This is the first in a series of three blogs on risk trends.

Almost a year ago, we started a series of articles centered on analysing the credit risk trends of non-financial corporates as seen through our suite of quantitative models. The publication of the articles was a natural response to the onset of the COVID-19 pandemic and its implications for the creditworthiness of corporates based in the Middle East, Africa, India, Turkey, and other emerging economies in Europe and Asia. In this three-piece blog, we again focus on the creditworthiness of corporates, however, this time we have the ability to look at the corporates in our sample based on their year-end 2020 financials (i.e., income statements and balance sheets). This enables us to understand the transition of the sample portfolio from 2019 to 2020. The blog series looks at:

  1. Probability of Default (PD) estimates: What transition did we see in the default likelihood of our sample portfolio from year-end 2019 to year-end 2020?
  2. Loss Given Default (LGD) estimates: What is the severity of LGD that we can expect investors (and lenders) to sustain from their investments against corporates in our sample?
  3. Expected Loss (EL) estimates: What is the EL across regions and sectors sampled in our study?

 

Calcuating PDs

The sample is based on 7,186 entities, the details of which are explained further in “Portfolio Composition” below that provides regional, industry, and revenue-based breakdowns. Credit Analytics’[1] Probability of Default Fundamentals (PDFN) can generate credit scores for companies of all types, including rated and unrated, public and private companies, globally.[2] PDFN incorporates both financial and business risks to generate an overall PD value. This innovative approach captures important credit risk drivers in a statistical PD model, and provides users with a well-rounded measure of credit risk, where different sources of risks can be easily identified. In “Estimating 2020 Financials” below, we explain a spreading methodology that we deployed to generate estimates of 2020 financials when these were not published by an entity.
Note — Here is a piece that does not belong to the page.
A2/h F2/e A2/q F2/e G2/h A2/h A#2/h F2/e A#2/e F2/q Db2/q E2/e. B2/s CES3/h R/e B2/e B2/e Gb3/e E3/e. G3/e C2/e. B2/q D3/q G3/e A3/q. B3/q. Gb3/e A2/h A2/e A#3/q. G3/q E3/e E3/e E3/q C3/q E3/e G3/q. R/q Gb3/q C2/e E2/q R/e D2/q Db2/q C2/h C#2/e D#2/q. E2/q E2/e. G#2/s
The PD for our sample population of corporates (i.e., the possibility that an entity will default on its contractual financial obligations), increased from an average of 9.7% when calculated using the 2019 year-end financials (2019PD) to an average of 12.7% when calculated against the 2020 financials (2020PD). In Figure 1 below, we display the distribution of the sample study’s credit profiles according to credit scores that represent the PD of an entity (note: the further you move to the right on the X-axis, the higher the PD). Two important characteristics can be observed: 1) The credit landscape of our sample is largely skewed towards the lower end of the scoring spectrum (i.e., less attractive credit scores), indicating a generally high credit risk for these entities, and 2) There is a noticeable negative transition between 2019PD and 2020PD, implying that the COVID-19 pandemic further weakened the credit profiles. Entities with weaker credit scores are more susceptible to adverse business, financial, and economic conditions, and could migrate to even weaker credit scores, or perhaps even default on their obligations, should conditions not improve or worsen. In the context of emerging markets, weaker credit scores represent an even more important issue, as a result of local economies being unable to control monetary policies that are tied with that of the U.S., a higher refinancing risk, and higher cost of funds.
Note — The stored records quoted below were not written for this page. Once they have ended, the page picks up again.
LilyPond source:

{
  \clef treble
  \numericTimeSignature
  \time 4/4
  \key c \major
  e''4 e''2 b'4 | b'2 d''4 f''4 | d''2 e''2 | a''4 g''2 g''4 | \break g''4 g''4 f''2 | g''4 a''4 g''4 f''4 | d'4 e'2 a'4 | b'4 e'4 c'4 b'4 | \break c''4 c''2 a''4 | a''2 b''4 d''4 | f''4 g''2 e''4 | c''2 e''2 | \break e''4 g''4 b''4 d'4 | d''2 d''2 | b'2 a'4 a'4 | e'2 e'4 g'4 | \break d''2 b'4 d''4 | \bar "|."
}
In any economic crisis, some entities are more prone to default than others. In addition, some countries, regions, industries, and sectors might perform better or worse than others. Looking at our data, as revealed below in figure 2 we see that amongst 10 Global Industry Classification Standard (GICS) sectors, Consumer Discretionary shows the highest 2020PD average of 15%, followed by Energy with an average 2020PD of 14%. Remarkably, the Energy 2019PD was 7.5% and, therefore, our model finds that the pandemic doubled the likelihood that an entity operating in this sector would default. This is economically salient as the pandemic was followed by a severe drop in energy commodity prices leading to a substantial haircut in the revenue of entities operating in the sector. On the other hand, we see Utilities with the lowest average 2020PD of 7.2%, followed by Consumer Staples with an average 2020PD of 9.9%, confirming the general view of these sectors being defensive.
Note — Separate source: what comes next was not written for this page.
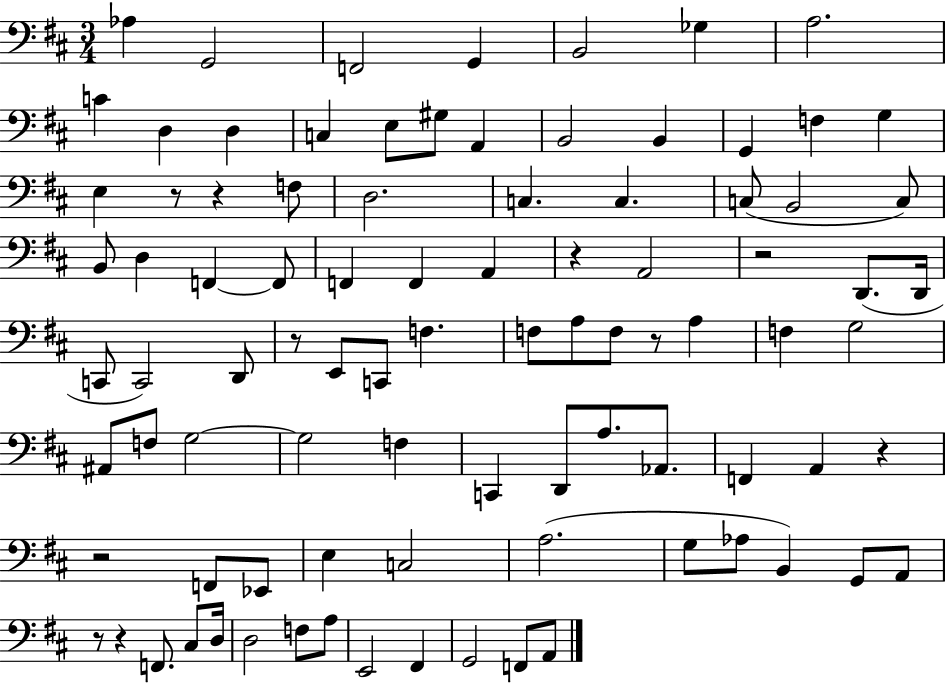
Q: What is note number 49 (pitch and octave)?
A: G3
In Figure 3 below, we see Indian-based corporates and Gulf Cooperation Council (GCC)-based corporates occupying different ends of the PD spectrum based on 2020PDs. Indian-based corporates also had the highest 2019PD, indicating that the ranking we see in Figure 3 is not just because of the COVID-19 environment, but is also a reflection of a fundamental profile that dates back to pre-pandemic times.

Portfolio Composition

As shown in Figure 4 below, the sample portfolio consists of 7,186 non-financial corporates split across GICS sectors and regions. We also show the revenue breakdown, with the majority of companies falling in the small-size cluster of revenues below USD10 million.

Figure 4: Portfolio composition

Source: S&P Global Market Intelligence Credit Analytics PDFN, as of 31 March 2021. For illustrative purposes only.

Estimating 2020 Financials

A number of entities in our sample study had not published their financial statements at the time of preparing the data underlying this blog. We looked at S&P Capital IQ’s consensus data from equity analysts to project the financial figures of such entities for the year 2020. We first identified top-line growth projections (i.e., what equity analysts are forecasting revenues to be for the year 2020) for those entities in our sample that are covered by equity analysts. Top-line growth projections were then aggregated on a GICS sector basis based on average figures. As an example, we see in Figure 5 below that Energy entities were projected to see their revenues decline by close to 17% while communication services services were projected to grow by 9%.. We used these sector averages to predict top-line growth for each entity with missing 2020 financials, and then extrapolated the missing financials using a forecast model.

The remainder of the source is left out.